Isaiah in the first reading speaks of death as removing “the mourning veil covering all peoples”. The Scriptures themselves have a fertile imagination, like when Isaiah himself again speaks of “a banquet of rich food and fine wines”. Our problem is when we speak of hope, when we come to imagine the beyond, to figure out what that beyond may consist of. Jesus in the gospel speaks of giving rest to our souls, of a yoke that becomes easy and a burden that becomes light.

There was a time when the virtue of hope was exclusively linked to afterlife. In the wake of a more down-to-earth mentality, we tended to go to the other extreme, seeking to locate hope exclusively in the construction of a better world and a guarantee of a more comfortable existence.

But it is faith that sustains hope and keeps our gaze mainly on the Lord of life. Hope without faith can be deceptive. Faith without hope can be blind. For so long, philosophers and theologians thought of themselves as the sole interpreters of the universe, as those who could dare answer the questions linked to life after death. Science, on the other hand, was accused of being reductionist, nihilistic, and a threat to our moral stability.

“Nihilism,” states the philosopher Martin Heidegger in his polemic against science and technology, “is the fundamental movement of the history of the West”. That may sound today too apocalyptic. As Mark Dooley writes commenting on this, while applauding the political advances of modern times, we need to resist the view that a religious consciousness is incompatible with those advances.

We cannot afford to succumb to those scenarios that tell us that we are drowning in a quagmire of nihilism and despair. Neither the philosopher, the theologian, nor the scientist has all the answers or a way of unlocking the ultimate clues of our existence or of the universe.

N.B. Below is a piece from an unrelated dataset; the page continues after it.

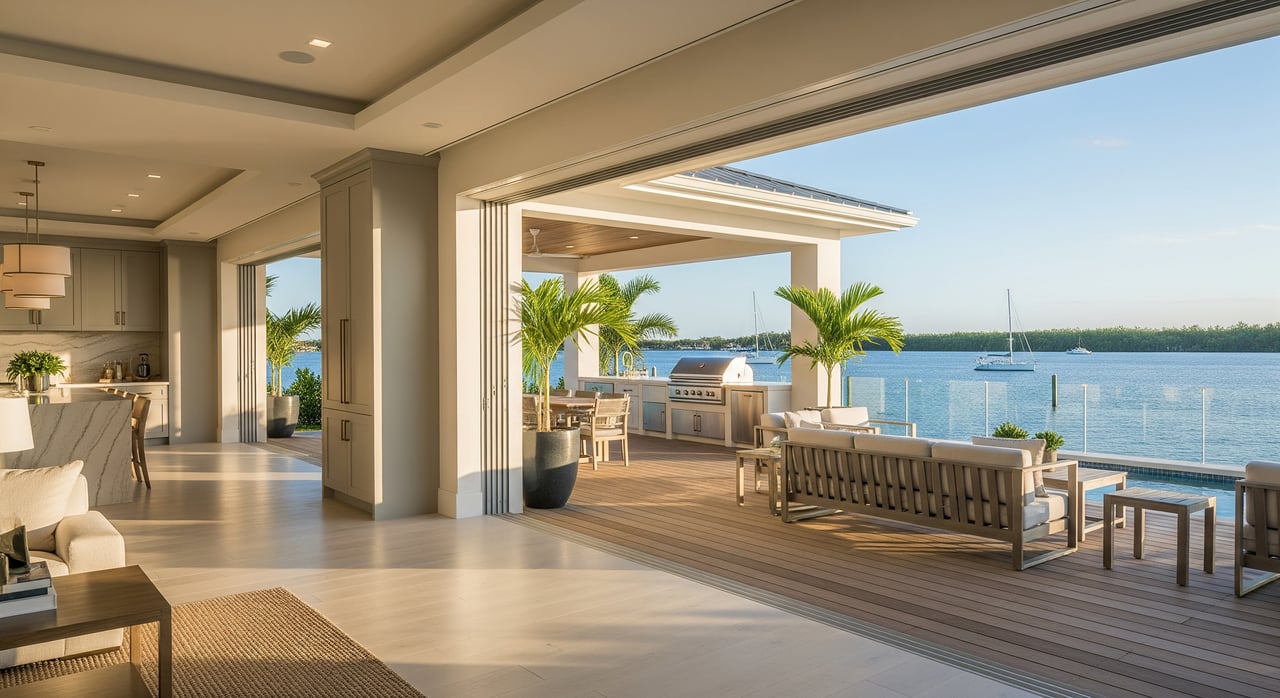 Best ROI Upgrades Before Selling in Bonita Bay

Karl Rahner, a leading 20th-century theologian, has been accused of being ‘fascinated by death’, as many of us may be, after all. He claims that in our accounts of the resurrection of the body and the immortality of the soul, “we do not mean that things go on after death as though we have only changed horses, as Feuerbach puts it, and rode on. Eternity is not an immeasurably long-lasting mode of pure time, but a mode of the spirit and freedom”.

It is the Eucharist that the Christian locates as the site of human hope in as much as the Eucharist is the recollection of the life, death and resurrection of Jesus Christ. Christian hope, as Rahner puts it, is the memory of a death that always gazed toward a resurrection; precisely because the God we believe in is the God whom no one can see without dying.

On this particular day we all love to remember the loved ones whom we still carry in our hearts. But we embrace also all those who died a lonely death, whom we might have heard about anonymously in a news bulletin as numbers but with whom we still share our humanity. This is a day not only of remembrance of those departed, but an opportunity for all of us still here struggling to make sense not of death, but of the most pressing questions of life.

The journey may be long and winding. But we need not see life always as having to choose between the leap in the darkness of transcendence and hiding in the pure immanence of the familiar world. There is so much that remains hidden to our eyes on the road but which, as Jesus says, the Father gradually reveals to us. That revelation, not of truths but of a presence, depends to some extent on our receptivity which, no doubt, can so easily become obstructed in daily living.